--- Description of the task ---
Transcribe exactly, and without pictures, only the lines from the one bearing "1515 Woodhill Rd, Burnsville, MN, 55337-2223" through the final line of the data below.

** Source material follows **

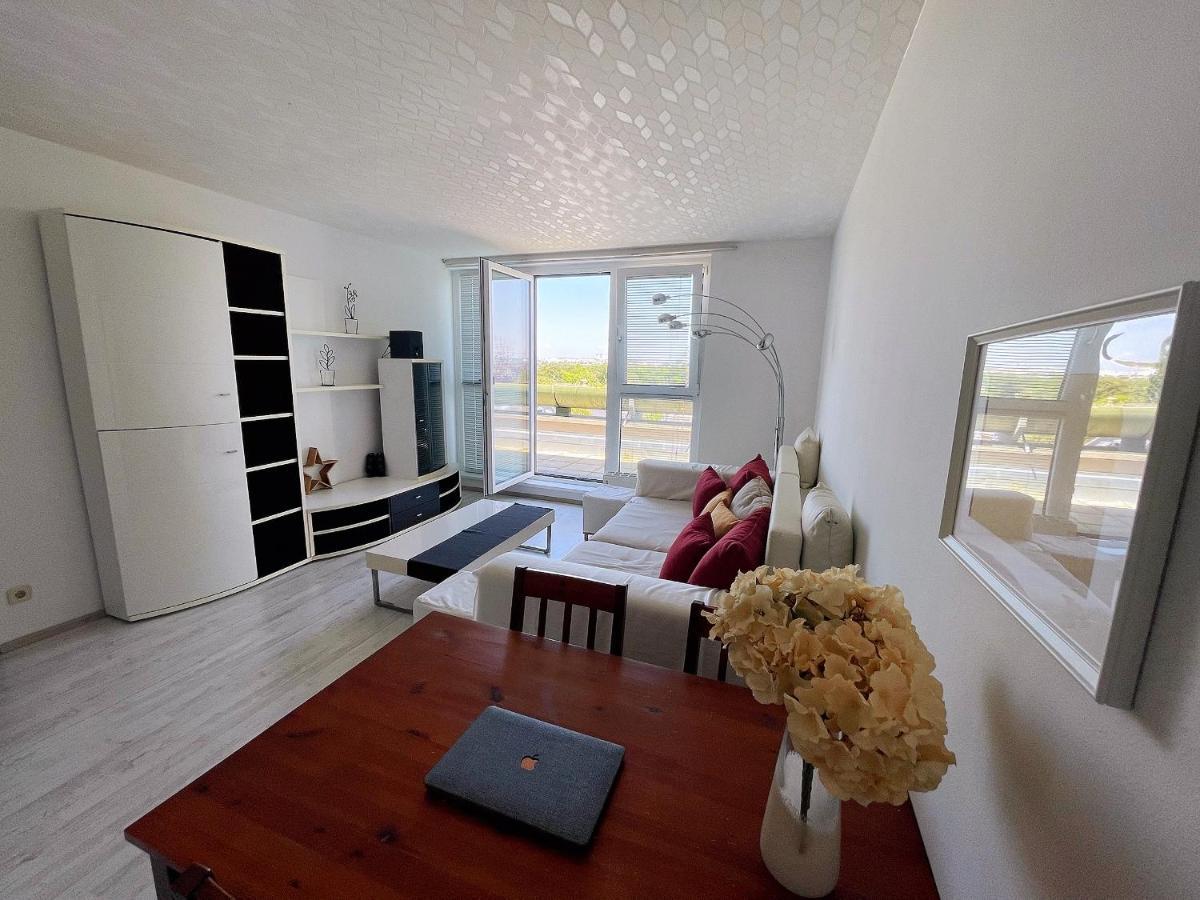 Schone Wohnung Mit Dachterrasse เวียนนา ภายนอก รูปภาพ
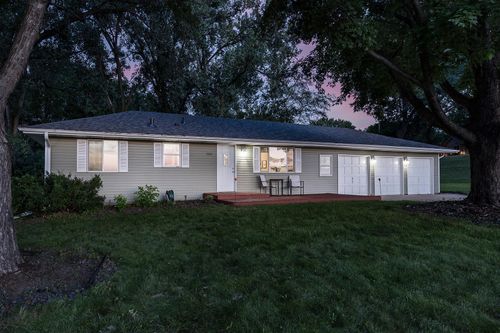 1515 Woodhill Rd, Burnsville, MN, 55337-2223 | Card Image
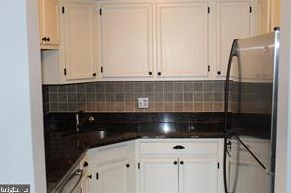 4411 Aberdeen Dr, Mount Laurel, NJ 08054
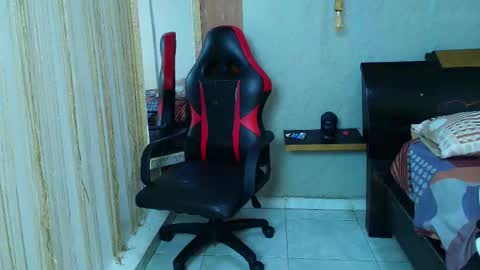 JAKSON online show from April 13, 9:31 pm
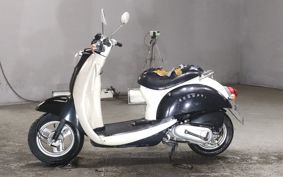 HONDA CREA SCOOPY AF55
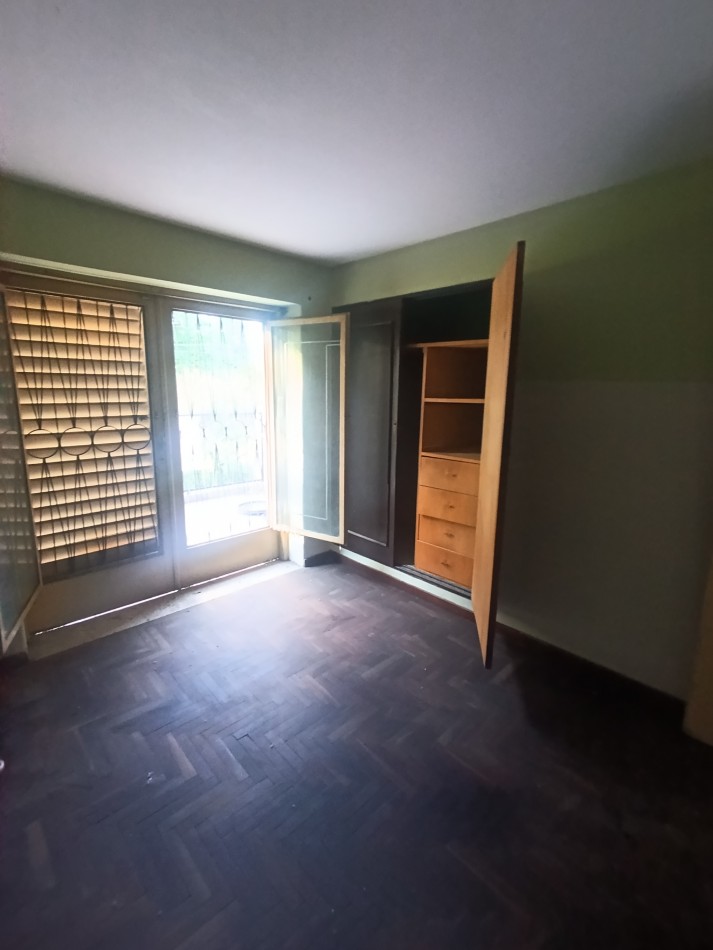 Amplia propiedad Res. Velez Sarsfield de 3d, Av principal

** End of Source material **

--- Output ---
 1515 Woodhill Rd, Burnsville, MN, 55337-2223 | Card Image
 4411 Aberdeen Dr, Mount Laurel, NJ 08054
 JAKSON online show from April 13, 9:31 pm
 HONDA CREA SCOOPY AF55
 Amplia propiedad Res. Velez Sarsfield de 3d, Av principal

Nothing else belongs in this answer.